What the Open Innovation Gateway required was an advanced collaboration tool to enable interactions in both virtual and physical spaces. The staff were accustomed to conventional video conferencing facilities, which they found often proved disruptive due to bad connections and poor video quality.

However after seeing a demonstration of Mezzanine, Open Innovation Gateway knew it was the solution for them, noting that Mezzanine’s Infopresence capabilities were crucial to providing an immersive, collaborative and data-rich environment in which all participants and stakeholders, whether in Japan or in San Francisco, could contribute to accelerated decision-making, better analysis of key business data and real-time collaborative editing and annotating of documents.

“Infopresence is this idea that the data is present all around you in a three dimensional information space, and that you and someone in a remote location can be swimming in the same information by using a Mezzanine system,” says Dave Marvit, innovation strategy consultant at Open Innovation Gateway.

“The first time I saw Oblong’s tool, I was honestly surprised. I was surprised that so much information can be shared, beyond time and space, and be mixed and matched to create truly innovative ideas,” adds Hiroyuki Sakai, EVP, head of global marketing at Fujitsu.

Mezzanine at Open Innovation Gateway boasts six Samsung ED65D Narrow Bezel Monitors screens, three in a landscape configuration to provide a wide space on which to share ideas and documents, and three screens installed vertically on the adjacent wall in a corkboard formation. The system also uses a Cisco SX20 VTC Codec to provide high definition and reliable video conferencing. Using one of Mezzanine’s wands, users can move content, video and images around any of the screens, zoom in and expand crucial elements, and add their own content to the screens.

Remote workers can view everything that’s happening in the Mezzanine portal, accessible from a web browser or iOS app, and add their own content to the discussion – all while participating via videoconference.
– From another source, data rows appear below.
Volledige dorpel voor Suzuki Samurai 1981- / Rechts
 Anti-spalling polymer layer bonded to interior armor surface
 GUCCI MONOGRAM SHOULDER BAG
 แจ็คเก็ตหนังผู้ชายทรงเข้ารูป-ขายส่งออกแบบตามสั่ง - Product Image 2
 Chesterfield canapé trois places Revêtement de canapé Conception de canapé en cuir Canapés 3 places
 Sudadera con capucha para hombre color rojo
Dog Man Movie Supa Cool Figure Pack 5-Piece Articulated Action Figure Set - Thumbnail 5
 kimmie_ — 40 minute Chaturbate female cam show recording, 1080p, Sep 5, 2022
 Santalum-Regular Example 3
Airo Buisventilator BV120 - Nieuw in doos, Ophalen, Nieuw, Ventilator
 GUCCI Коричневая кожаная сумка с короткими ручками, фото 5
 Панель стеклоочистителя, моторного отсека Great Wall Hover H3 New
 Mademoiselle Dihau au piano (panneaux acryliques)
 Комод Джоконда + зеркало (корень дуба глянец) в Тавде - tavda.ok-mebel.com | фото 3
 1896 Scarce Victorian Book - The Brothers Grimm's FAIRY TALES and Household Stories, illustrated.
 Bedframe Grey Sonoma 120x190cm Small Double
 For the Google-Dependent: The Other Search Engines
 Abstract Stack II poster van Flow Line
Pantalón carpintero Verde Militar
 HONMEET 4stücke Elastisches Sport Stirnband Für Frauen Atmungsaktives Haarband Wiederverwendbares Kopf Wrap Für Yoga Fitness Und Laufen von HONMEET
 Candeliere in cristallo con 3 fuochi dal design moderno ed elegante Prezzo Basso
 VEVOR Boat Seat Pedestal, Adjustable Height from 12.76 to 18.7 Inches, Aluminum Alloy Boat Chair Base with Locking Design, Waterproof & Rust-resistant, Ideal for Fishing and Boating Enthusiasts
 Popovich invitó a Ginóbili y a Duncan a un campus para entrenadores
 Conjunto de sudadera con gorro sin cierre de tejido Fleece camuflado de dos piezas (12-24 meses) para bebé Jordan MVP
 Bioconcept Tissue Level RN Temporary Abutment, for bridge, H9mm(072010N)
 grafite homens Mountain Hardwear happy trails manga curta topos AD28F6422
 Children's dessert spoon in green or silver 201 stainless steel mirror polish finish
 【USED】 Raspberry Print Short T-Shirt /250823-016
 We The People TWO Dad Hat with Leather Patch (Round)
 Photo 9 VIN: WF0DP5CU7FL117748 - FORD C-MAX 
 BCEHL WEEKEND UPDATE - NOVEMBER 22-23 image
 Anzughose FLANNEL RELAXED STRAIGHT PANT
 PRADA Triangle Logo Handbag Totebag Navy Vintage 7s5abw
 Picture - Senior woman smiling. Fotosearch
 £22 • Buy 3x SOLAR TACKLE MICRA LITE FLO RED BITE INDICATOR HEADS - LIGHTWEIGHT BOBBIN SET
“I find it really useful to be able to snap a picture of a document, put it in the Mezzanine portfolio and share it up on the screen,” Dave continues. “That’s huge, because it means that the paper world and digital world are no longer separated. At a certain point in video conferences with remote partners, the documents and the information that you’re exchanging become more important. With Mezzanine you can move the video conference feed to one side and then expand the documents and data and examine those in detail together. Mezzanine generates all kinds of new capabilities by being able to bridge the Pacific Ocean in real time meetings and real time collaboration.”